At Tara's suggestion, I implemented a simple ISS by feeding the output of the PDA10CS into an SR560 (ac-coupled) with some gain, and then the output of the SR560 into the EOAM.

I found that by turning on a 6 dB, 30 kHz low-pass filter on the SR560, I could put the gain at 500 without saturating the SR560 output. No inversion is necessary because positive voltage on the EOAM decreases the beam power (so there is already a minus sign in the loop).

I monitored the RIN by feeding the output of the PDA10CS into the SR785. The in-loop RIN is suppressed by a factor of 6 or so. Once Chas's board is here, the suppression should be much greater (since the gain will be 10⁶ at low frequencies).

The shape of the RIN spectrum has changed compared to the previous RIN measurement.
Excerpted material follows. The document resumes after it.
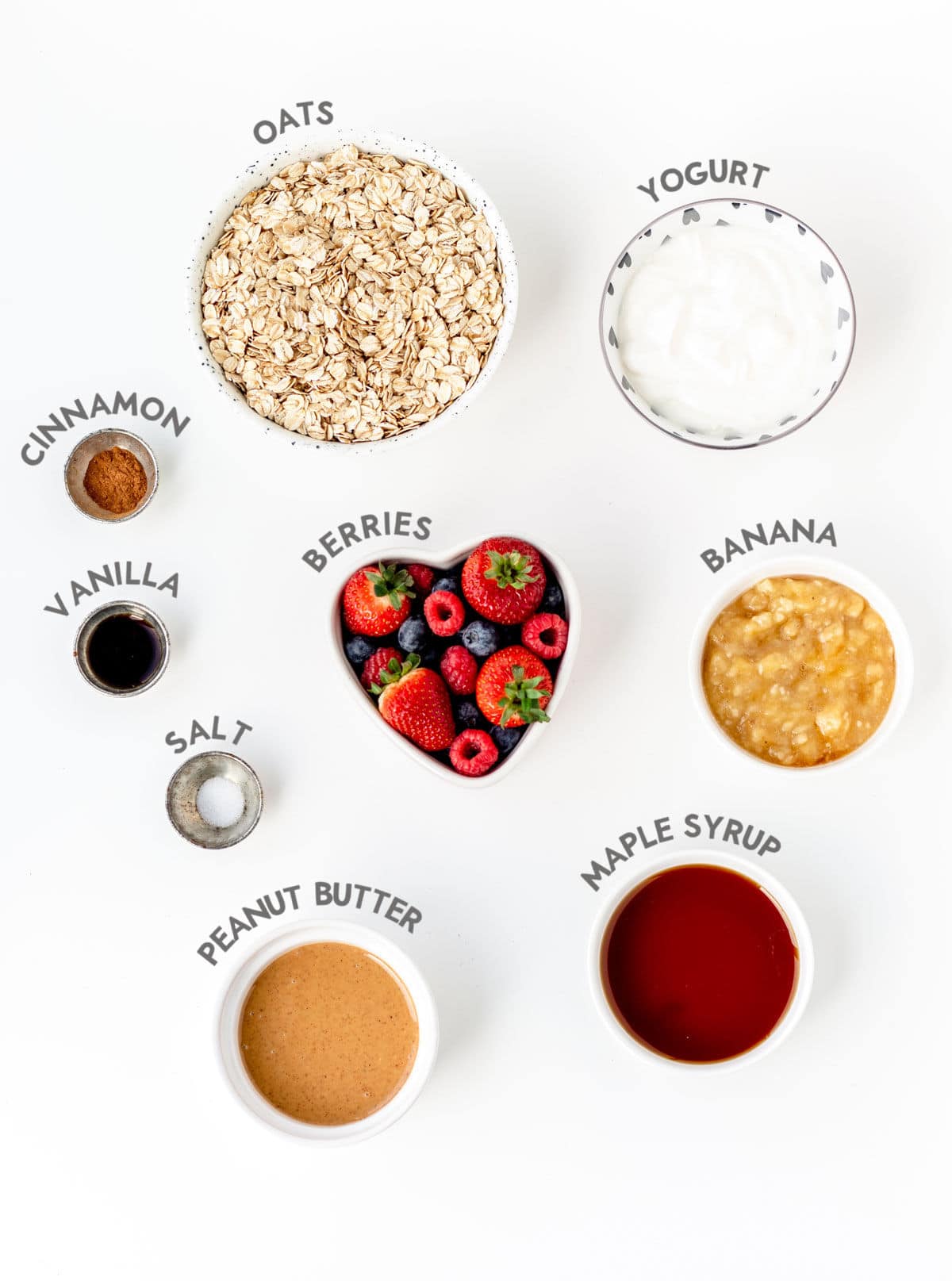 Ingredients required for granola cups with yogurt and berries.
The 2 kHz peak is gone, and the shelf from 100 Hz to 1 kHz has dropped. Maybe it's because Tara has damped a lot of the mechanical resonances of the table optics with rubber stoppers. The low-frequency RIN remains at a few times 10⁻⁴/rtHz. According to Tara, this is probably induced by seismic coupling (not by fluctuations from the laser), and so the right way to make it go away is to float the table.

There is a minor mystery here. Based on the previous RIN measurement, I expect the dark noise of the PDA10CS to be at 7×10⁻⁷/rtHz or so abve 1 kHz. Why have I apparently been able to measure below this noise floor in the attached plot?